[TASK TO CARRY OUT]: Restate word for word each line from the one containing "GENIUS-Camera Web Genius" through the end of the material, and nothing more. Drop every picture.

[THE DATA]:
[Start of Attachment]

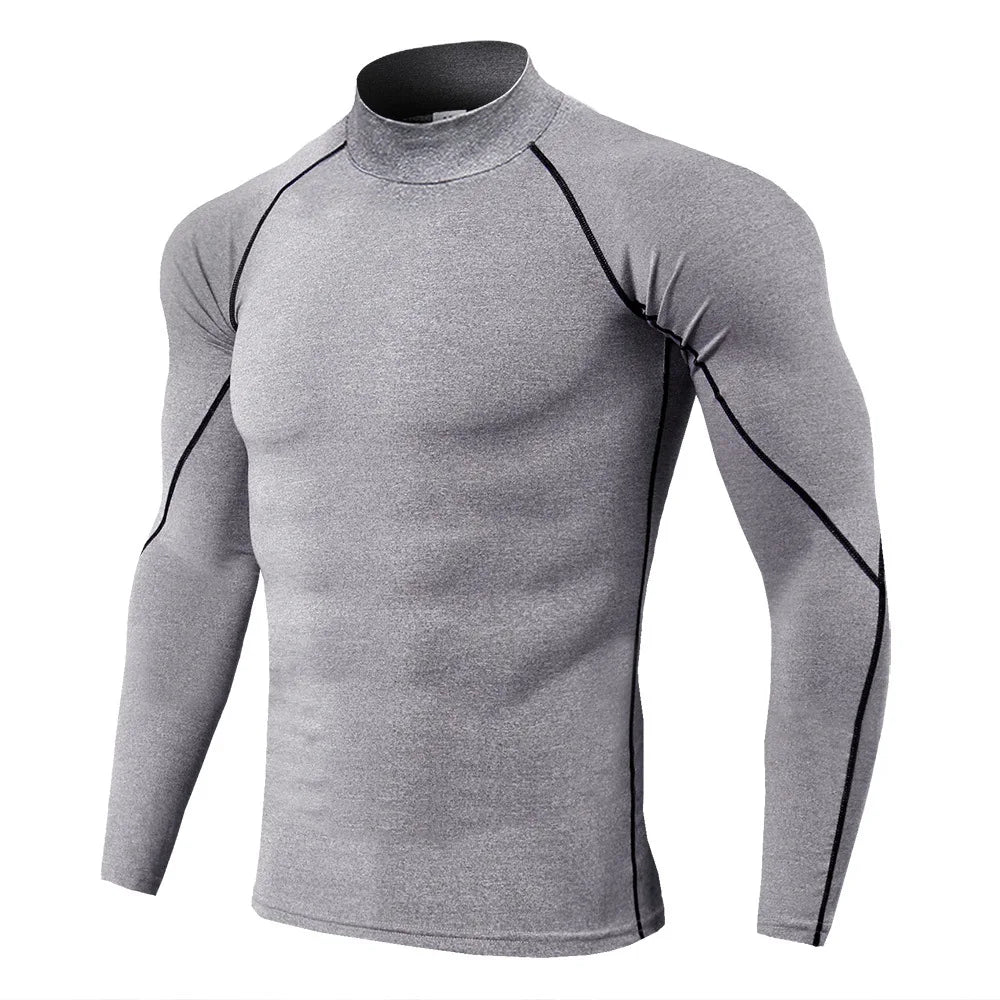 Men Sport T-shirt Quick Dry Bodybuilding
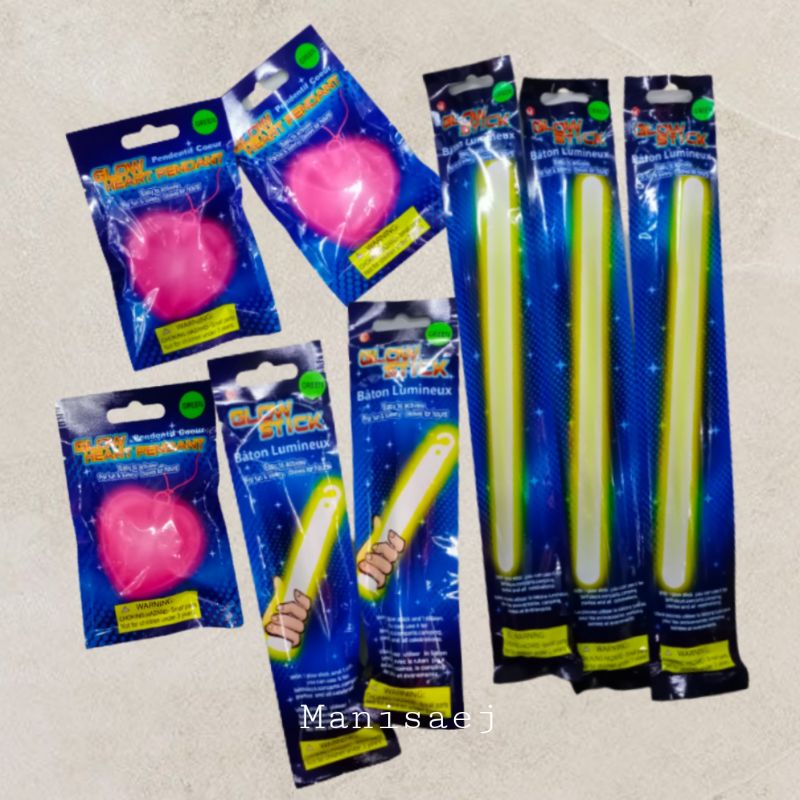 GLOW STICK HIJAU NEON KONSER NCT
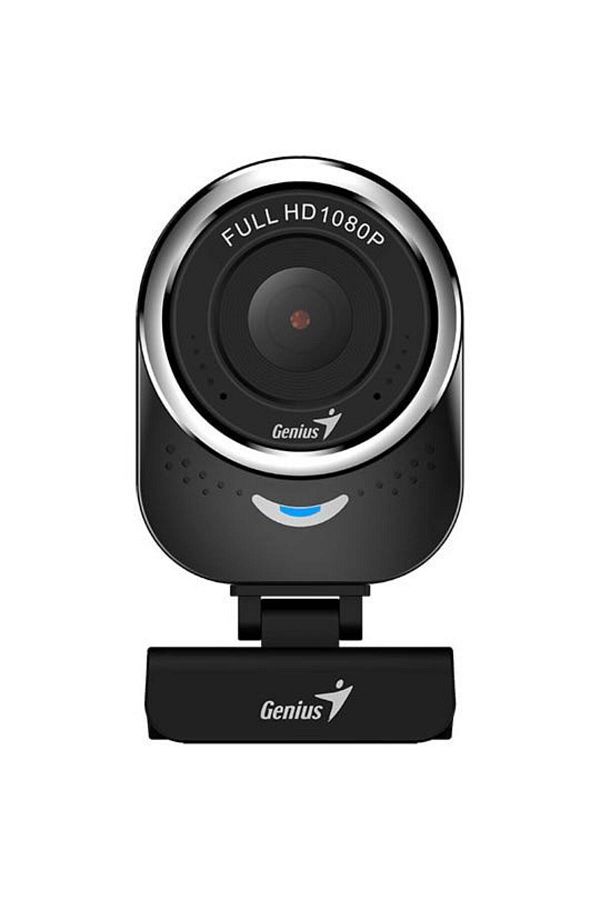 GENIUS-Camera Web Genius Qcam 6000, FullHD 1080p, USB, Negru 1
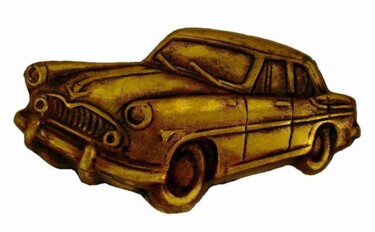 Sculpture titled "SIMCA Versailles" by Gilbert Liblin, Original Artwork, Metals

[End of Attachment]

[OUTPUT OF THE EXERCISE]:
 GENIUS-Camera Web Genius Qcam 6000, FullHD 1080p, USB, Negru 1
 Sculpture titled "SIMCA Versailles" by Gilbert Liblin, Original Artwork, Metals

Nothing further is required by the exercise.